You will be seeing your score in the autograder after you submit.
Your MinimaxAgent
should use the adversarial search tree and the Minimax algorithm to search for the optimal action to take for your droid. You should be defining your own depth to search for, as well as if you want to also implement alpha-beta pruning.
Notice that this game is different from your normal Minimax games, in a way that two sides move simultaneously. There are two ways you can mitigate this, one is the optimistic assumption, one is the pessimistic assumption. The optimistic way is to assume that your opponent moves first, such that you can “predict” what the opponent move will be. The pessimistic way is to assume that you move first, and your opponent can “predict” what your move will be. Both ways have its pros and cons, and can have consequences on the decisions your algorithms make. You can decide to implement either assumptions, or to try out both ways and use one of them, or combine the result from both assumptions using some methods.
[5 pts, manually graded] You should be defining your own evaluation function when the depth has reached or the game has ended. This can be quite similar to the reward function of the Q-Learning Agent, or it can be totally different. Any reasonably good evaluation function should get you full points.
[20 points] Your droid will play with our pre-trained Q-Learning Agent for 5 minutes or 100 games, whichever comes first, and a minimum of 20 games must be played (otherwise you get 0 points). You should tune your search depth to be reasonable so that it won’t take too long for each round (you can also make it adaptive by having a timer). The games you won worth 1, and the games you drawn worth .5, that over the total games played is the percentage of the total 20 points you get. For example, if you finished 100 games in 5 minutes, you won for 80 games, drew for 8 games and lost for 12 games, then you get \(20 \times (80 + 8 \times .5 ) /100 = 16.8\) points.

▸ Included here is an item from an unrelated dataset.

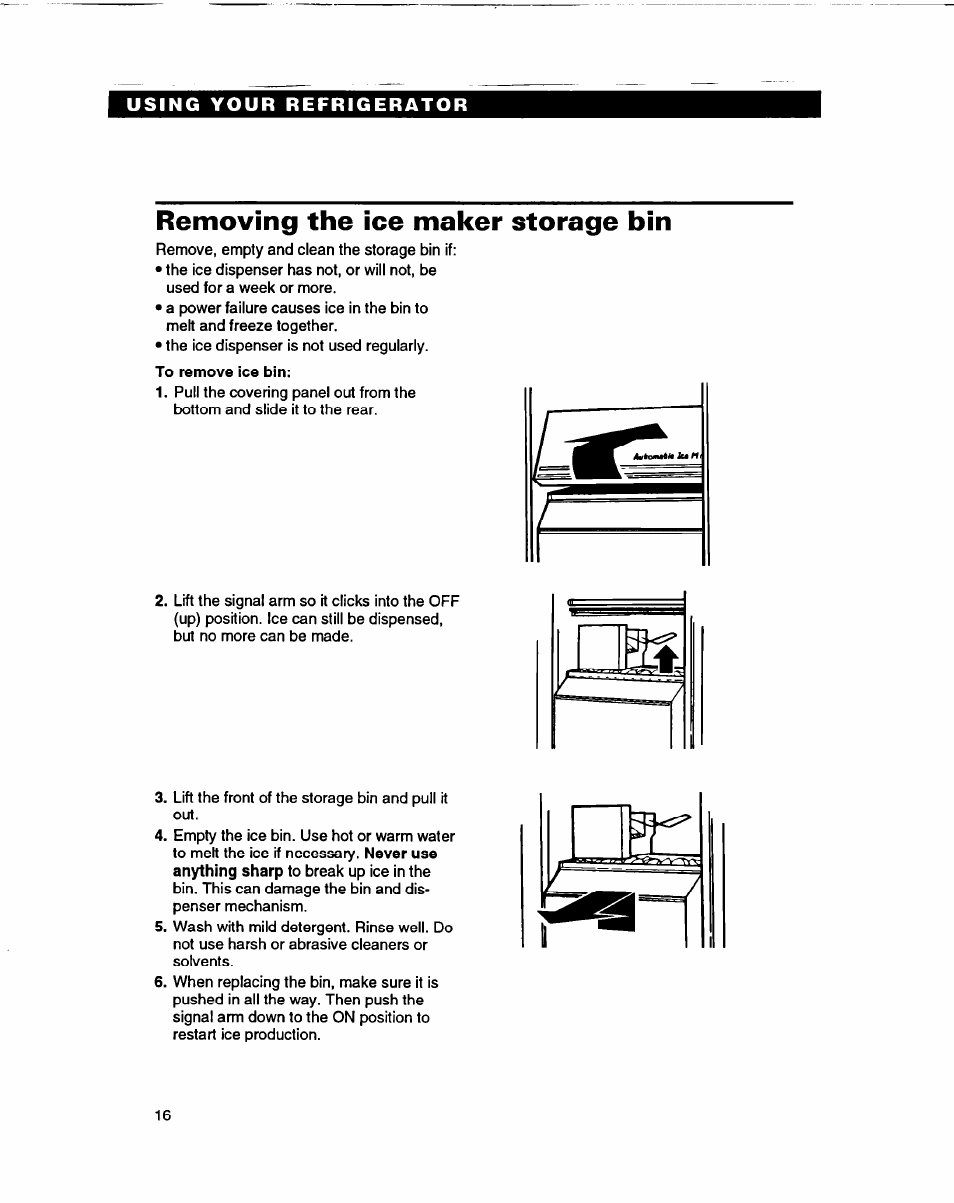 Removing the ice maker storage bin | Whirlpool ED22DF User Manual | Page 16 / 28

You will be seeing your score in the autograder after you submit.
You can start the GUI by executing
python3 r2d2_hw3.py [R2 Agent] [Q5 Agent] [Train Episodes]
Where you can set each agent to be either QAgent
or MinimaxAgent
. And you can set Train Episodes
to be a number so that the agents will train for that many number of rounds (not number of games) before the GUI pops up.

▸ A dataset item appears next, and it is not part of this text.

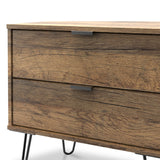 Moreno Rustic Oak 2 Drawer Side Table with Black Hairpin Legs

For example, if you want to have two Q-Learning Agent train with each other for 100,000 episodes, you can have
python3 r2d2_hw3.py QAgent QAgent 100000
Or if you want to train the Q-Learning Agent with a Minimax Agent for 100,000 episodes, you can have
python3 r2d2_hw3.py QAgent MinimaxAgent 100000
After the GUI has popped up, you can see how two droids play against each other by pressing the spacebar to go to the next episode (round). A new round will be automatically restarted once a game has ended.
We also provided a Agent called KeyboardAgent
, where you can have fun playing against computers. You can replace the R2Agent
with KeyboardAgent
, for example, if you want to play against your MinimaxAgent
, you can run GUI with
python3 r2d2_hw3.py KeyboardAgent MinimaxAgent
If you want to play against your QAgent
, you might want to train it first. You can have
python3 r2d2_hw3.py KeyboardAgent QAgent 100000 MinimaxAgent
Meaning you first train the QAgent
with a MinimaxAgent
for 100,000 episodes, and then when the GUI pops up you can play against it with your keyboard.
To use KeyboardAgent
, use WASD to move up, left, down, and right respectively, and use space to shoot.